The fact which made the camp possible was the land gift from the Laclede Gas Light Company. There were four acres of land with the house almost squarely in the middle. It was a short distance from the Broadway car line, consisting of an administration building, built in a bungalow type, with two dormitories — one extending winglike from either side, and a kitchen in the rear. The dormitories were constructed with a wooden base and screened walls. Along either side was a row of compartments, each with two beds. The patients were sleeping in the open but were under a comfortable shelter. The front lawn was used for the recreation grounds — it was strewn with steamer chairs, hammocks swinging from many trees, and several croquet sets — this being the least strenuous form of recreation for girls in their condition. There were also chicken yards, gardens, and dove cotes, where the girls could raise their vegetables, poultry and squabs, all of which went to supply the camp's table. They had a piano, mandolins, and graphophones to amuse them. Most of the time, the girls spent out in the open.

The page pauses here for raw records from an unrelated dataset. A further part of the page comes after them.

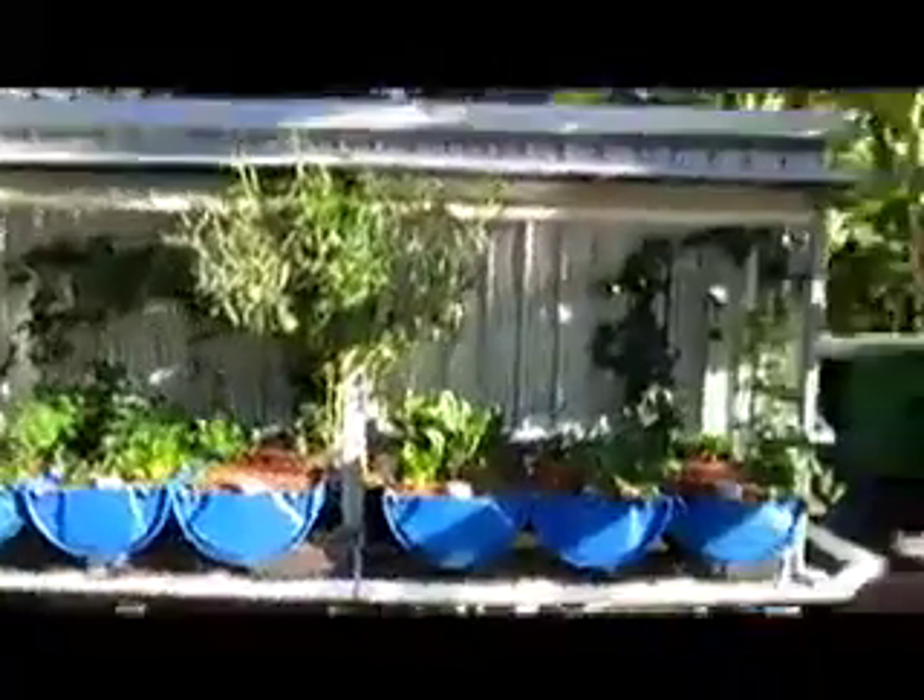What is Julie's aquaponics setup? Aquaponics is the combination of aquaculture and hydroponics. Here you can see Julie's fine plants growing in a medium that surprises us all — expanded clay pellets.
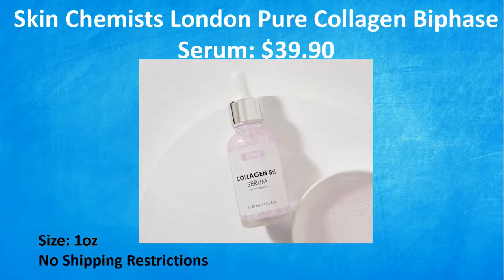The first one in category five is the Skin Chemist London Pure Collagen Biophase Serum, a $39.90 value. This collagen serum aims to improve the appearance of the skin's texture and firmness, brighten, hydrate, and smooth. It is cruelty-free, one ounce, and there are no shipping restrictions. My only caution here is that research reports suggest topical collagen serums are not as effective as ingested collagen — like the powders you'd put in your smoothie. But if this is your thing, go for it.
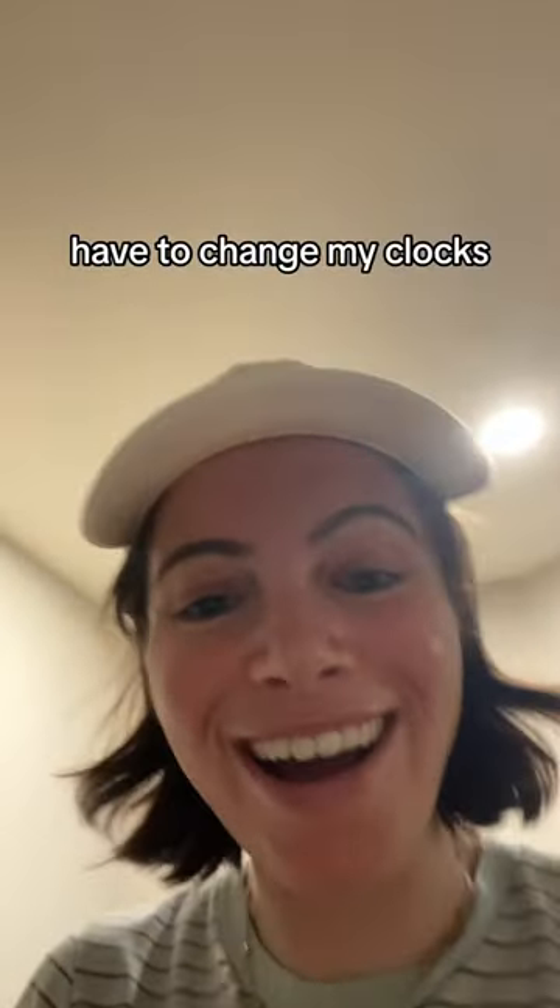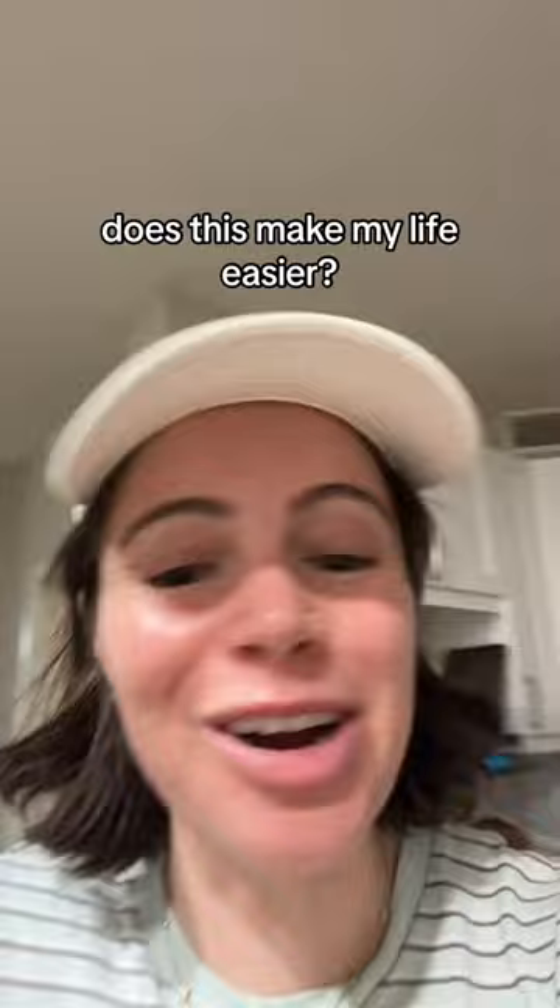Now I just never have to change my clocks. Does this make my life easier? Probably not. So yeah, you're welcome.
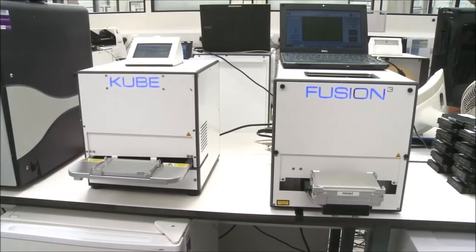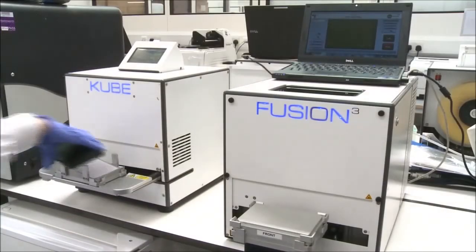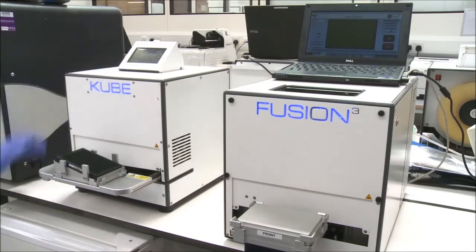LGC offers two methods for sealing: the Cube for traditional heat sealing and Fusion 3 for cold weld laser sealing. The clear film is tacked in place using the Cube plate sealer before inserting the plate into the holder.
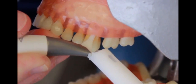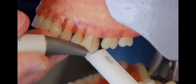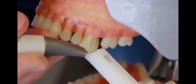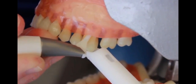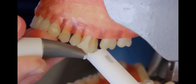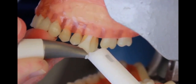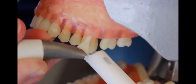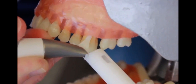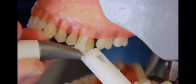Once we reach the base of the pocket, we want to make sure that we withdraw the tip about a millimeter. You can move this tip in a vertical motion, but never a horizontal motion. The powder is expelled from the sides of the tip and the water comes out the end of the tip. We're only going to treat each site for five seconds — I'll hit the treadle, five seconds to this site and stop.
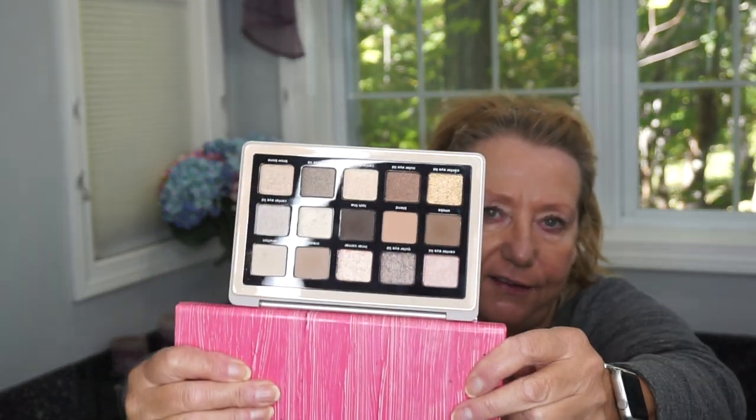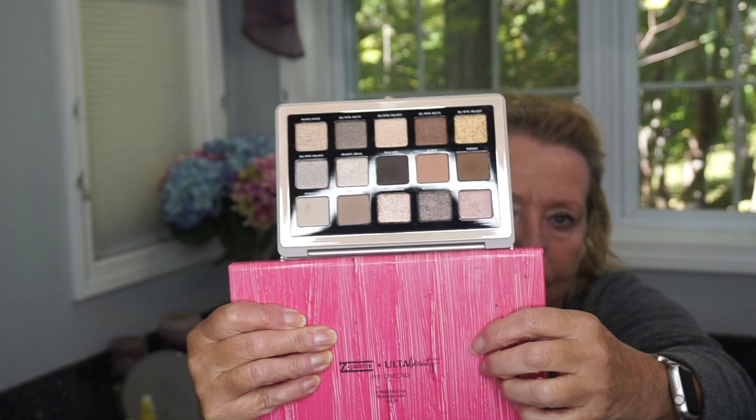I'm going to be using my new palette that I bought, the Natasha Denona Glam Palette. I bought this maybe a week or so ago and these are the colors so that you can see. I covered my mirror up with this so that you could see the colors. I think this is a sort of a cooler tone palette and very much a more neutral color. I thought I would do this get ready with me, show you sort of how I do my eye look.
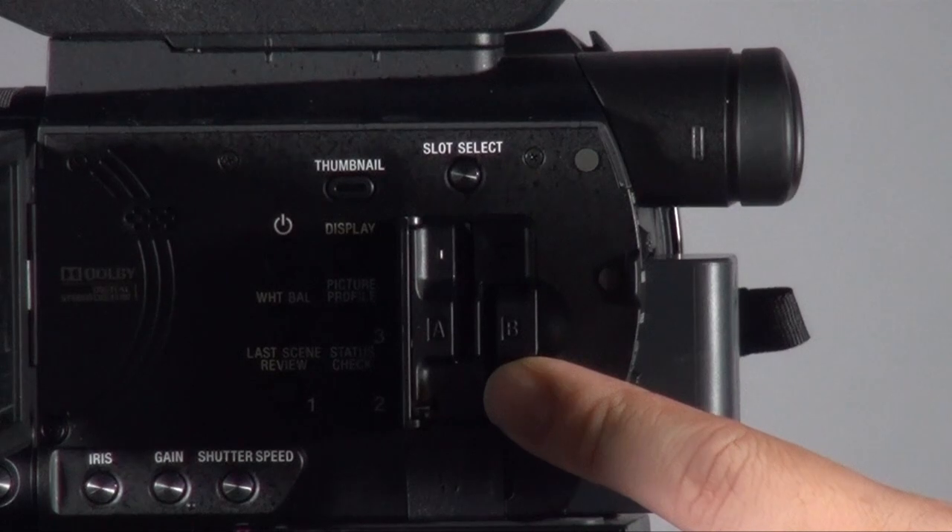The recording media is very user-friendly — it uses SD cards and you get two slots. One slot can take an SD card or a Memory Stick Pro. Having two slots means you can use relay recording or simultaneous recording. If you have an issue with one SD card, you still have another copy, which I think is pretty important. I'd strongly recommend putting two cards in all the time when recording important material.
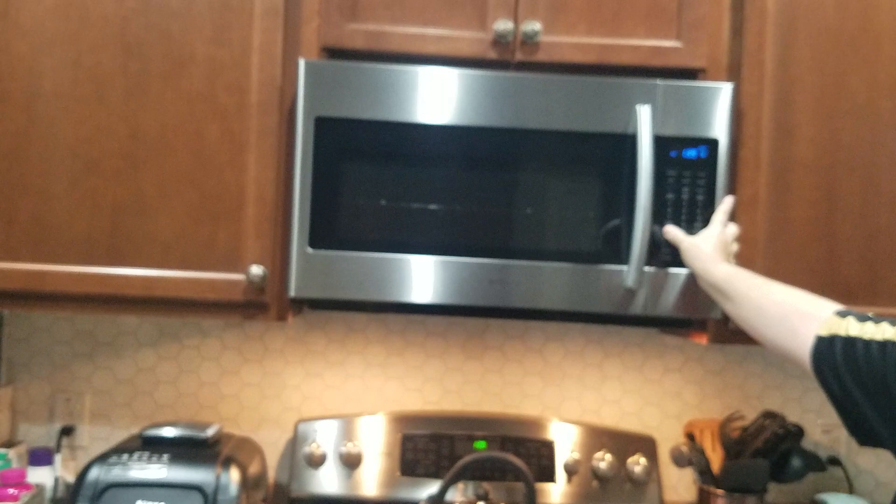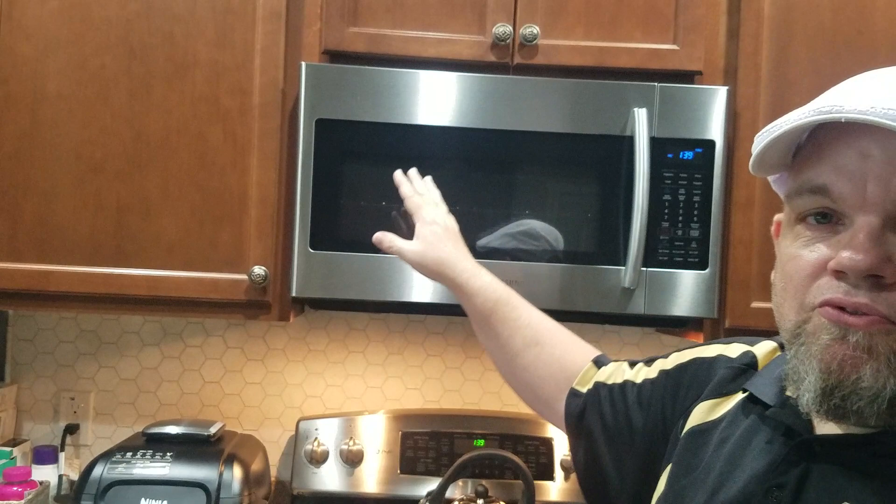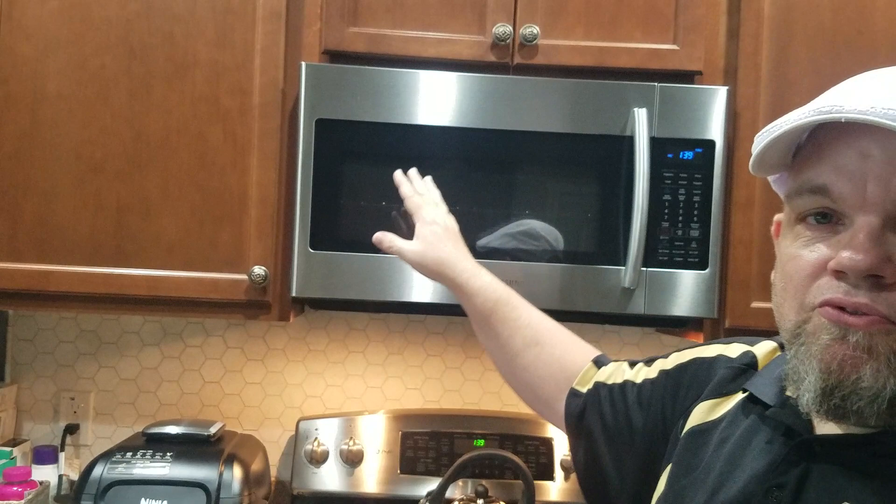It's on lock now. Now we're going to hold it back down again. See if that'll work. If it doesn't work, unplug the Samsung microwave from the wall and leave it for a good 15 minutes — that'll do like a soft reset.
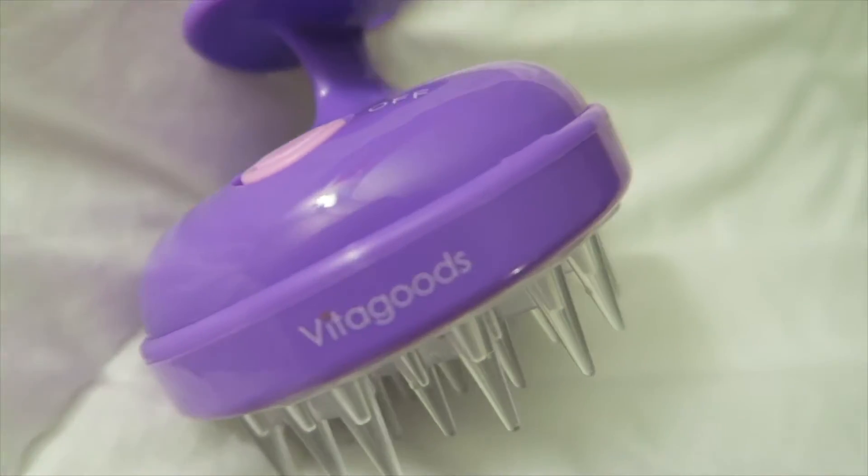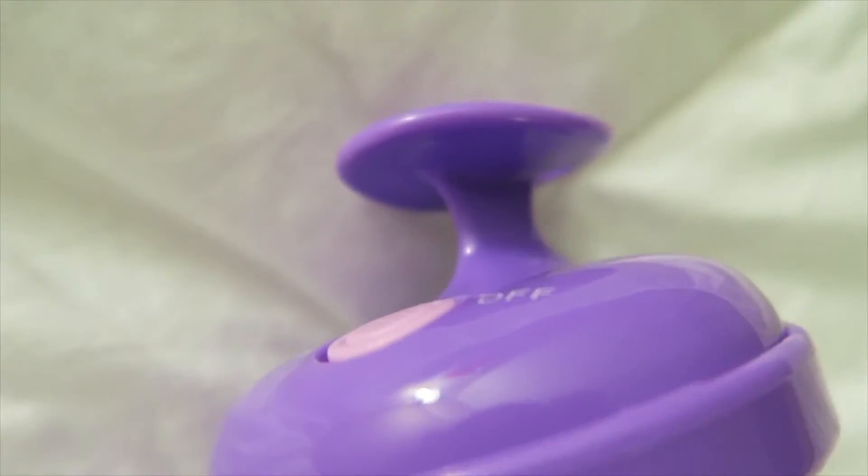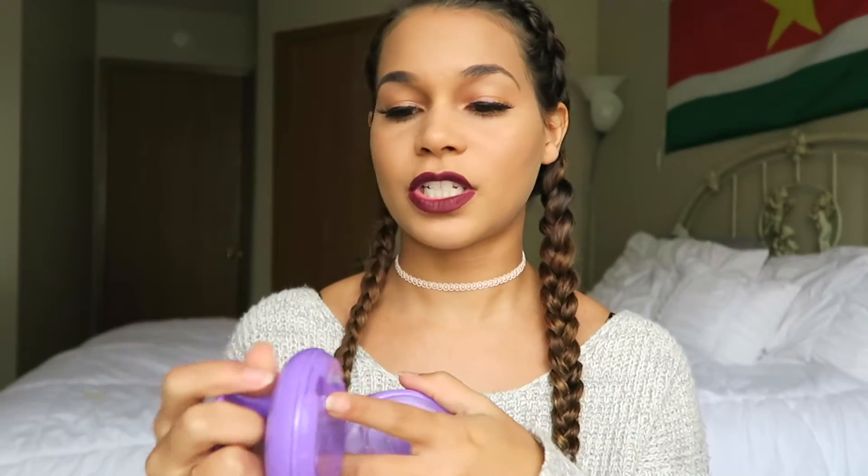Today I'm going to be talking about the scalp massaging shampoo brush, and this is what it looks like. It comes off like this and it doesn't come with a battery or anything. It just takes one AA battery — you unscrew it — and it is waterproof so you can use it in the shower.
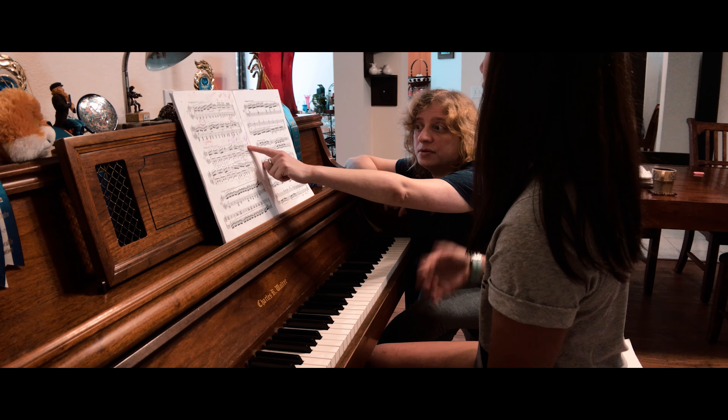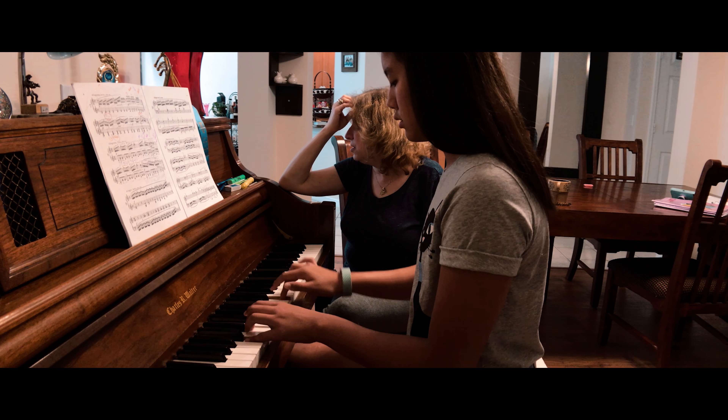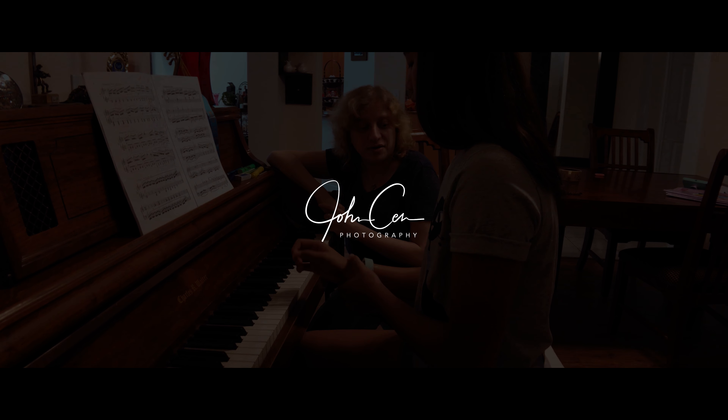Right here you're slowing down — one, two, three — and you're getting stuck on the third finger.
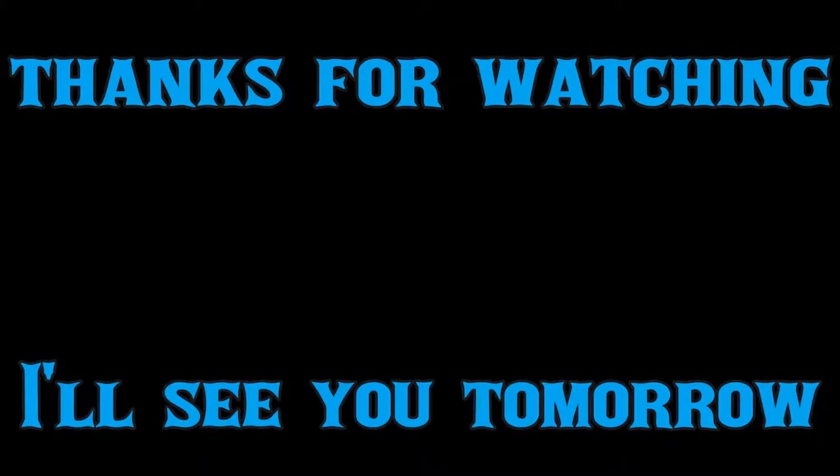Anyway, that's all for today. Thanks for watching. I'll see you tomorrow. Jazz club. Yeah.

The rising bell, at 7:30 a. m., with breakfast at 8:00, was the beginning of camp rules. After that was feeding the chickens, working in the gardens, but for the most part, resting and eating — six times a day did these girls eat. The food given them was of the most nourishing variety, in the way of soups, meats, poultry, milk and eggs; ice cream was one of the favorite desserts. Men were tabooed, not even a janitor was employed on the grounds. The patients were of all ages over fifteen. There were school teachers, newspaper writers, trained nurses, stenographers, factory workers and shopgirls — more of the two latter occupations. As soon as the girls or women entered this home they were impressed with the fact that they were not hopelessly ill, and with proper rest and diet could recover. The girl whose constitution was undermined with too much work must first build up her health in order to fight off the disease. Rose Ryffle was a nurse, a graduate of the Baptist Sanitarium, and under her direction. Medical attention was furnished by Dr. Walter Fischel and his staff.

In nearly every instance, the girls who left the camp as cured returned to employments that brought them better wages than those they received when they were forced to drop their work and go to the camp for restoration. Some girls who went there could not relinquish their work; the money they received in wages was required in their home life. But even this did not prevent them from receiving the benefits of the camp. At the end of their day's work, they returned to receive their supper, lunch at nine, sleeping accommodations, and breakfast. This costs the camp fifty-five cents. Briefly, it was possible for a rundown, susceptible or affected girl to continue her self-supporting employment and still receive care, attention and cure in the camp. This treatment was such that recently a girl gained eight pounds in a single week. In one instance, a girl badly in need of such care and who could not sacrifice her wages of four dollars a week was taken in, and her mother was given the four dollars until she could go out and retake her position. Many cases like this were cared for.

The pupils of Lenox Hall raised enough money to purchase furniture for one room, and since then, they have maintained two beds. They formally dedicated the room, and a brass plate was on the door.

Collins founded this camp and established a program for the girls who participated in the movement.

During the winter of 1917–1918, Collins founded the "Y" Canteen Union Station, which fed 131,584 soldiers returning from World War I. It was sponsored by the Young Women's Christian Association and employed 210 volunteers. According to John R. Mott, national head of the Y.M.C.A., it was "the greatest canteen in the United States; the greatest in the world after that at Bordeaux, France".

She died on October 16, 1929, and is buried at Bellefontaine Cemetery.